Performance-based acquisitions down in fiscal 2006
- By Matthew Weigelt
- Jan 15, 2007
Federal Data Procurement System - Next Generation
The government slipped slightly last year in making performance-based purchases, according to fiscal 2006 federal procurement figures.
Departments slid to 49 percent, down from 50.9 percent in fiscal 2005, the Federal Procurement Data System-Next Generation (FPDS-NG) found.
The decline amounts to a $5.6 billion difference from fiscal 2005. The government used $72.3 billion of eligible dollars in fiscal 2006, compared with $77.9 billion in 2005, according to the data, which is updated through Dec. 12, 2006.
In fiscal 2006, departments had $147.2 billion eligible for performance-based acquisitions, the data shows.
After a steady climb in performance-based acquisitions since 2001, departments leaped 10 percentage points in 2005 to 50.9 percent, the FPDS-NG numbers show. In fiscal 2001, only 26.2 percent — or $31.8 billion — of eligible funds were used as performance-based acquisitions.
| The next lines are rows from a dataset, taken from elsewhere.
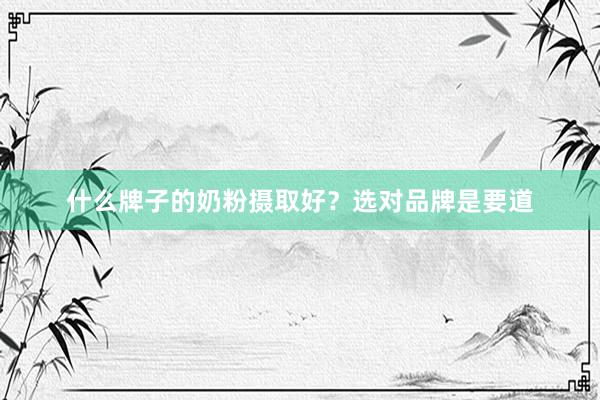 什么牌子的奶粉摄取好？选对品牌是要道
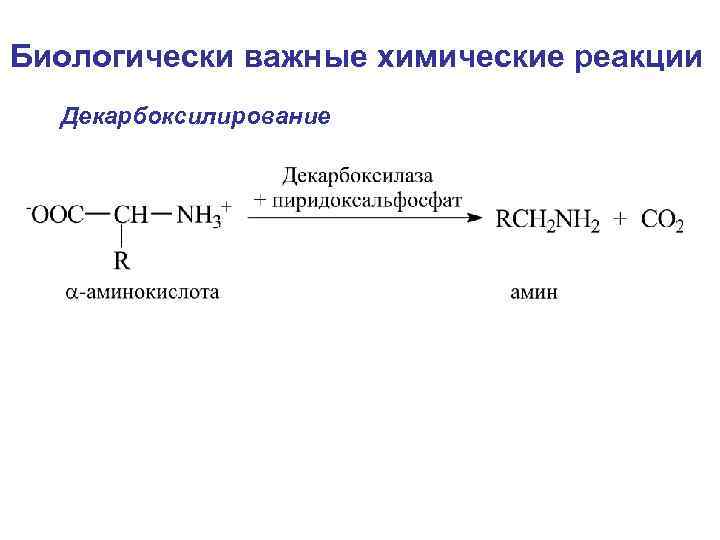Биологически важные химические реакции Декарбоксилирование 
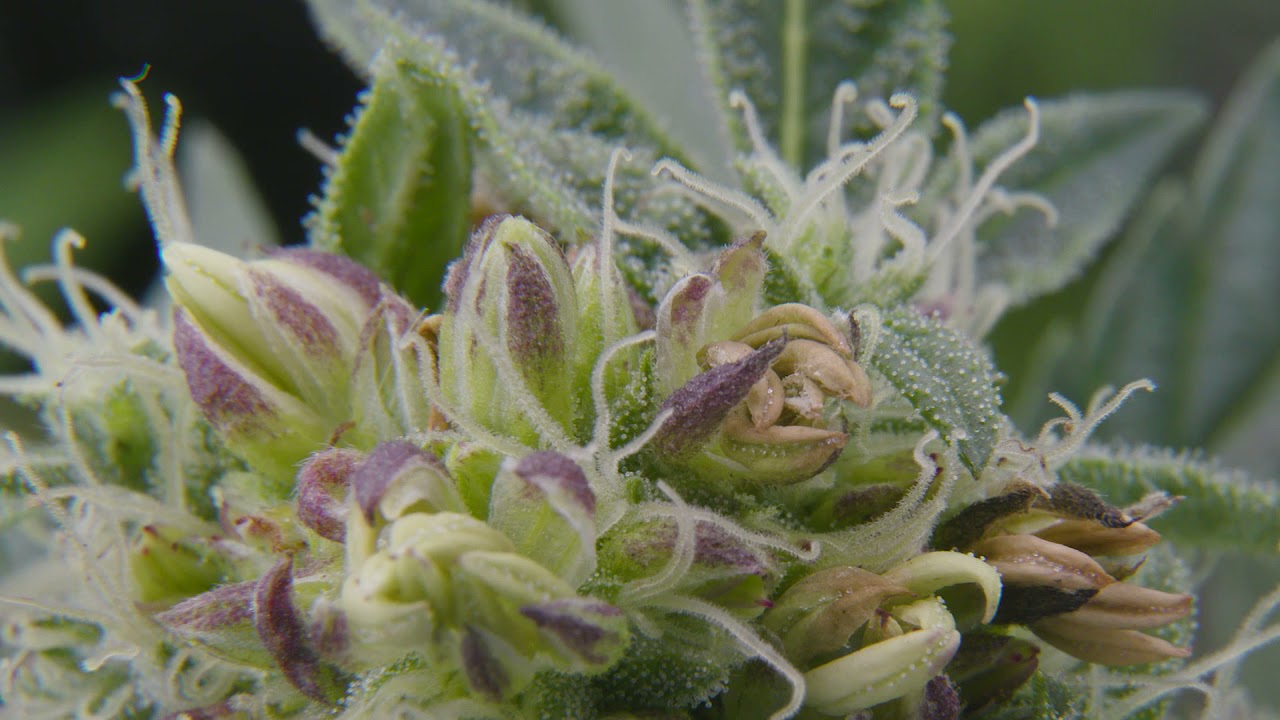 The making of an Autoflower!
The government nevertheless has continued to exceed its annual percentage goal for performance-based acquisitions, according to the report. The goal has been 40 percent since fiscal 2004.
The innovative contracting style is a staple of government acquisitions. Performance-based contracts are often structured so that companies are paid for reaching certain performance benchmarks or penalized for failing to meet them.